Exercise prompt
Pictures in the material below are to be left out, and only the lines from the line with "DTC P0120, P0122, P0123, P0220, P0222, P0223, P02135" up to and including the line with "Excel does not" are to be written out exactly.

<<<<

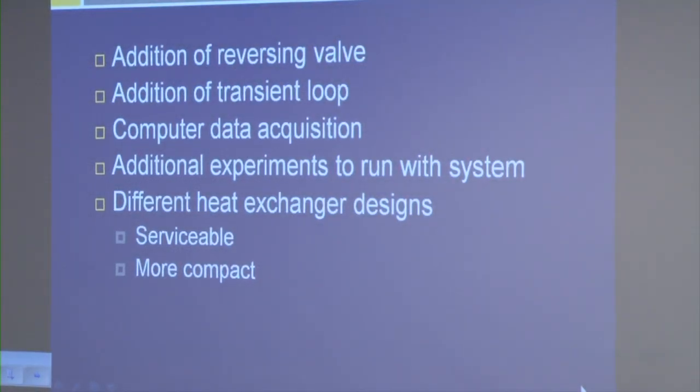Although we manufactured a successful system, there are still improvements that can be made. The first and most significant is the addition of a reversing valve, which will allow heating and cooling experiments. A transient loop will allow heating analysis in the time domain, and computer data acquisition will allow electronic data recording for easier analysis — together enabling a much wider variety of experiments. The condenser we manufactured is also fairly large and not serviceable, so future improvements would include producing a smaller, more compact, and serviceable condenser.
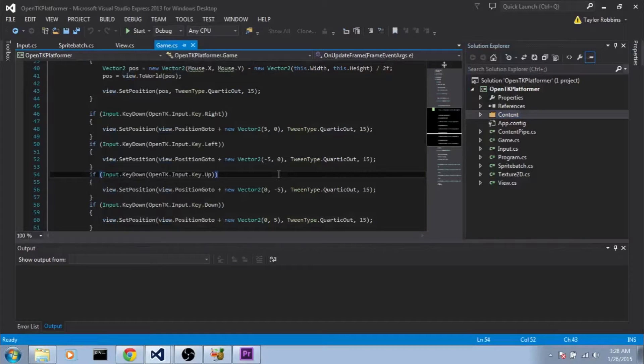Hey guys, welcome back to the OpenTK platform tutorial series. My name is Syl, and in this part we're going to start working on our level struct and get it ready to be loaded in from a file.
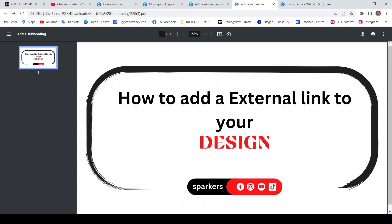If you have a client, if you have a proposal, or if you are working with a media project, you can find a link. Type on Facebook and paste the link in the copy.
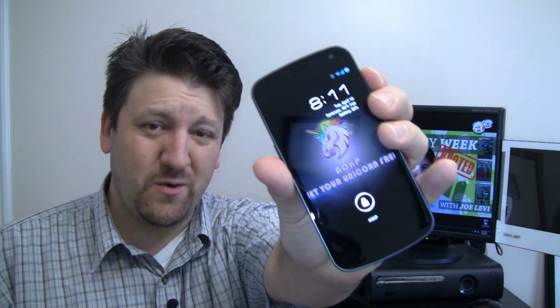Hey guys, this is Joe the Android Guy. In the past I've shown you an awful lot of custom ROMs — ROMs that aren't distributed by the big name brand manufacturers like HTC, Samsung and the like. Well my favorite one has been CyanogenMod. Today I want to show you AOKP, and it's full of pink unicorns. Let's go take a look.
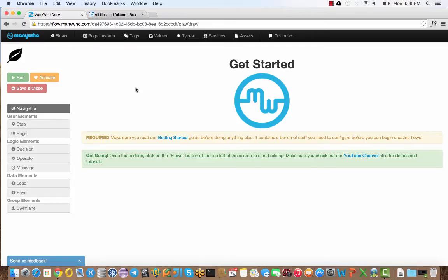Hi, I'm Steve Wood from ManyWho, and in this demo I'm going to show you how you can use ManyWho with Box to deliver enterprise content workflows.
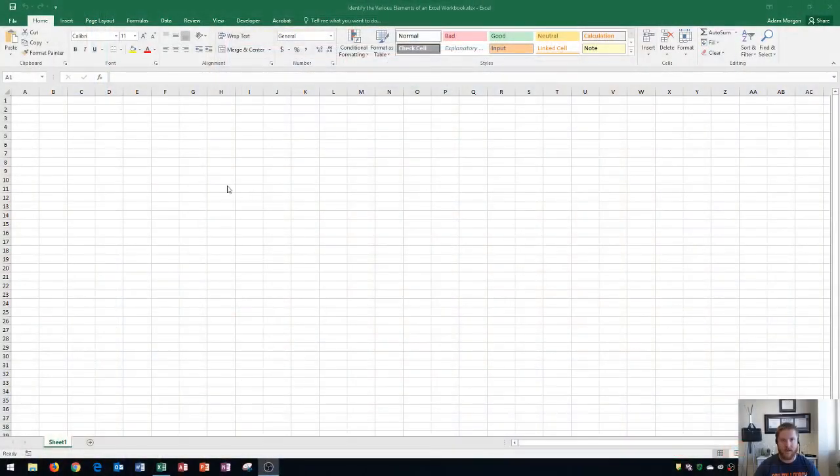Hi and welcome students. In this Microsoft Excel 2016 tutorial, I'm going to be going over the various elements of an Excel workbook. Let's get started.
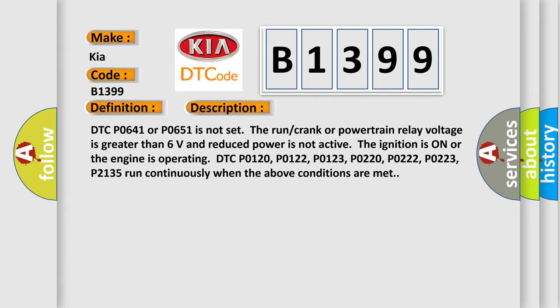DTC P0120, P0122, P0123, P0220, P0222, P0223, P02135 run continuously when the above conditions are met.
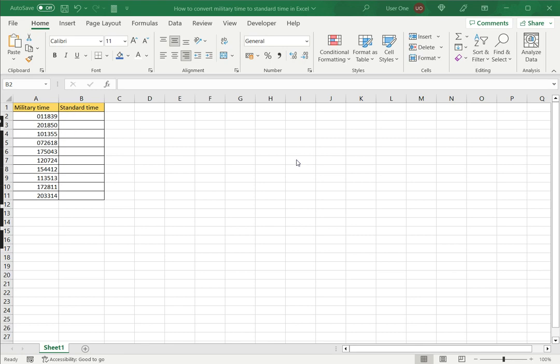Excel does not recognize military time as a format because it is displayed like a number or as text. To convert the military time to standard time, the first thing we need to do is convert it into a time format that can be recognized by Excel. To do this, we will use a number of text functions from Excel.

>>>>
<<<<

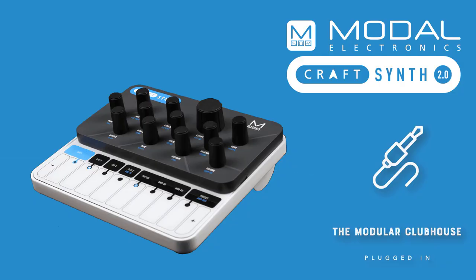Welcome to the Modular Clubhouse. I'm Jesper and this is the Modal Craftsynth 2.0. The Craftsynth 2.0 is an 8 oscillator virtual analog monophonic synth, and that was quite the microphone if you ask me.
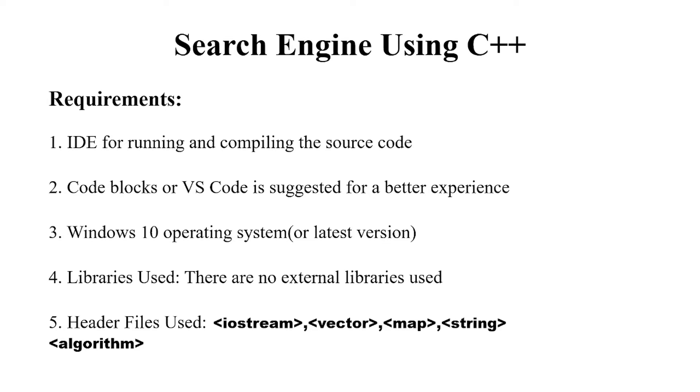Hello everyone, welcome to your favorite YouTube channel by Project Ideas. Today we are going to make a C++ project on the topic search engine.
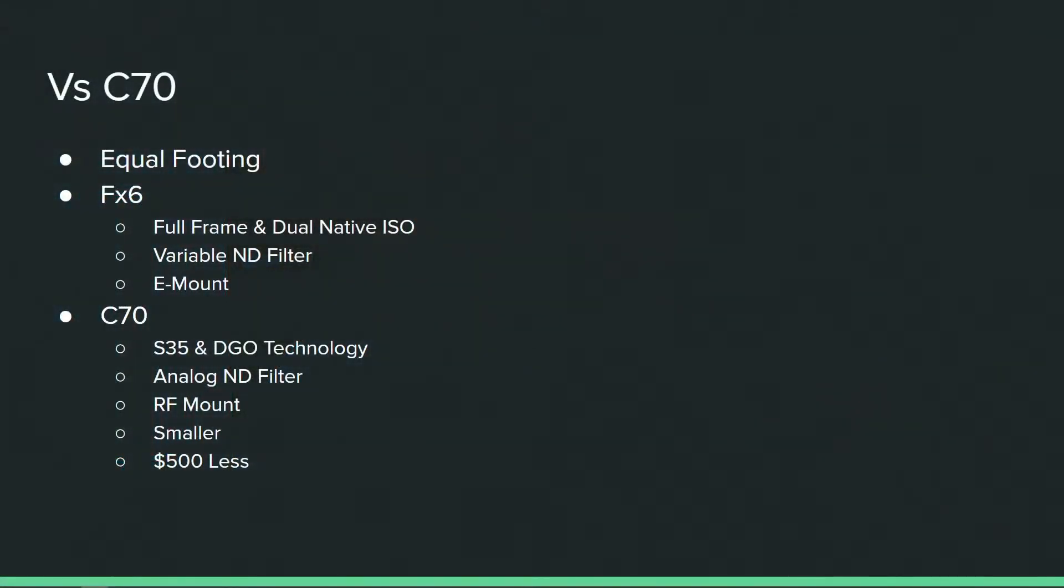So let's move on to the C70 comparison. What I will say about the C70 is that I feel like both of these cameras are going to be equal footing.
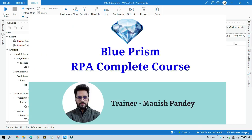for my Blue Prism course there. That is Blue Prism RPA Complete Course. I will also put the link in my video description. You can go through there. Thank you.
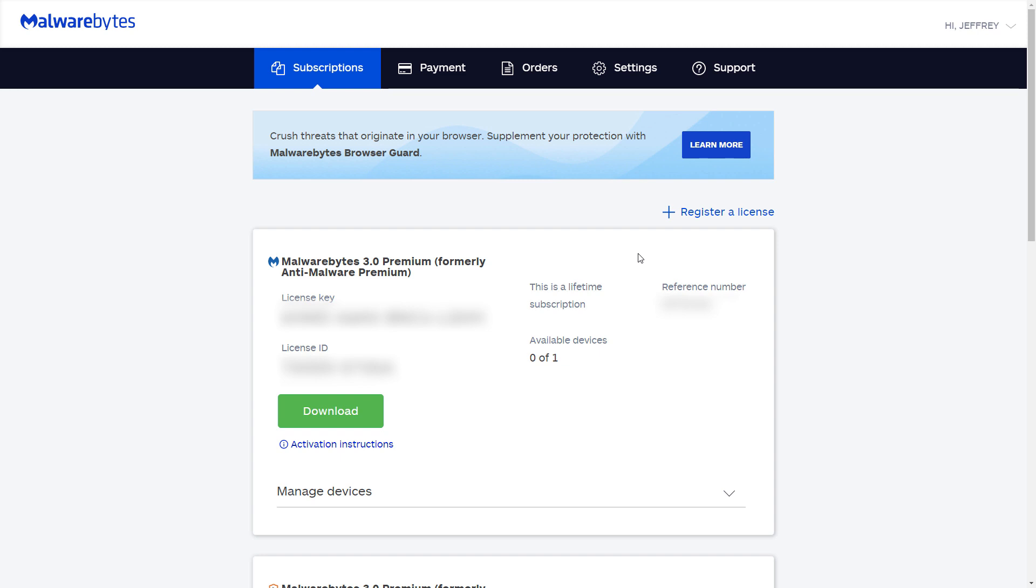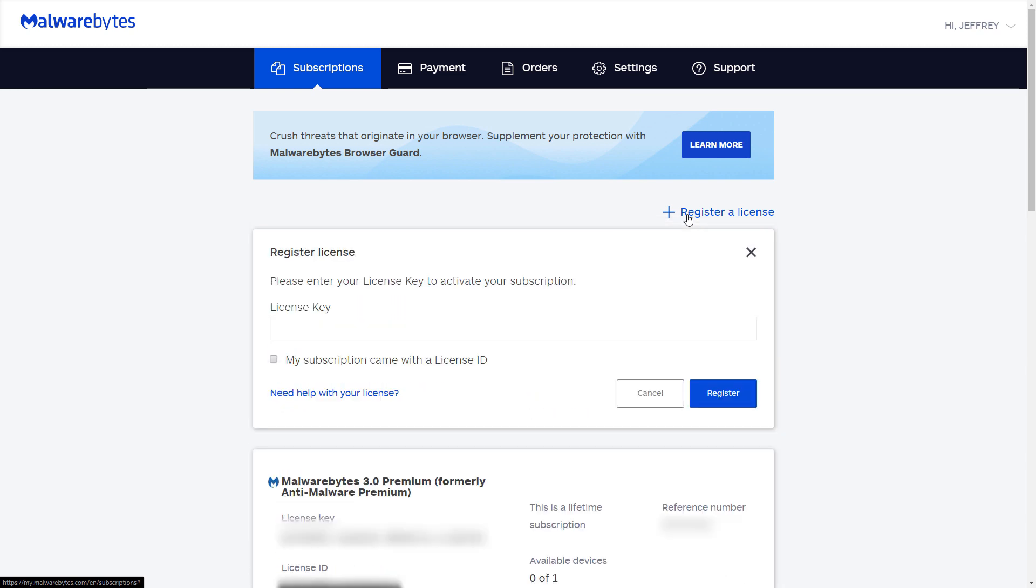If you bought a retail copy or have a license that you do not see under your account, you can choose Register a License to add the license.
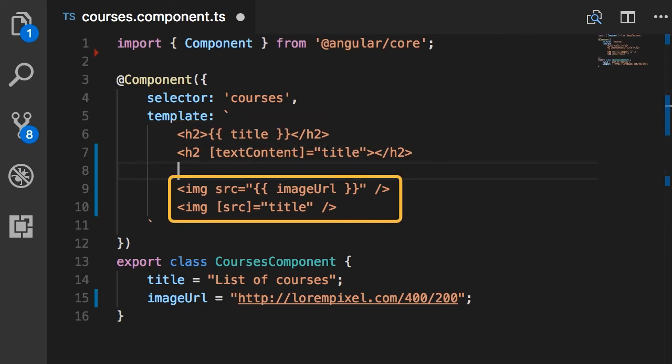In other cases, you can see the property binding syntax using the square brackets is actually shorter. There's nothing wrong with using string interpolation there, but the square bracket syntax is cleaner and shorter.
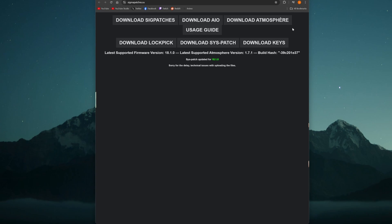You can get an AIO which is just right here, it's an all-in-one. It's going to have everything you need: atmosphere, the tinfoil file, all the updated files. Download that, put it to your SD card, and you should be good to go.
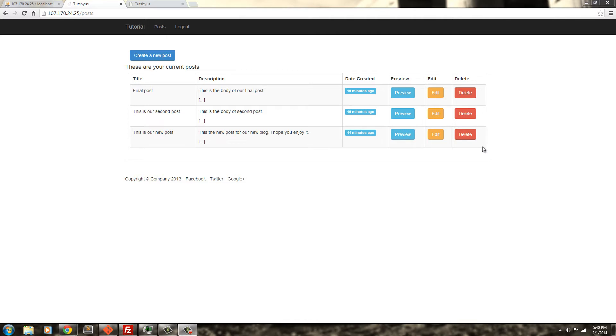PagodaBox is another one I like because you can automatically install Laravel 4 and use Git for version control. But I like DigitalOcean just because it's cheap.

>>>>

Result of this task
DTC P0120, P0122, P0123, P0220, P0222, P0223, P02135 run continuously when the above conditions are met.
Excel does not recognize military time as a format because it is displayed like a number or as text. To convert the military time to standard time, the first thing we need to do is convert it into a time format that can be recognized by Excel. To do this, we will use a number of text functions from Excel.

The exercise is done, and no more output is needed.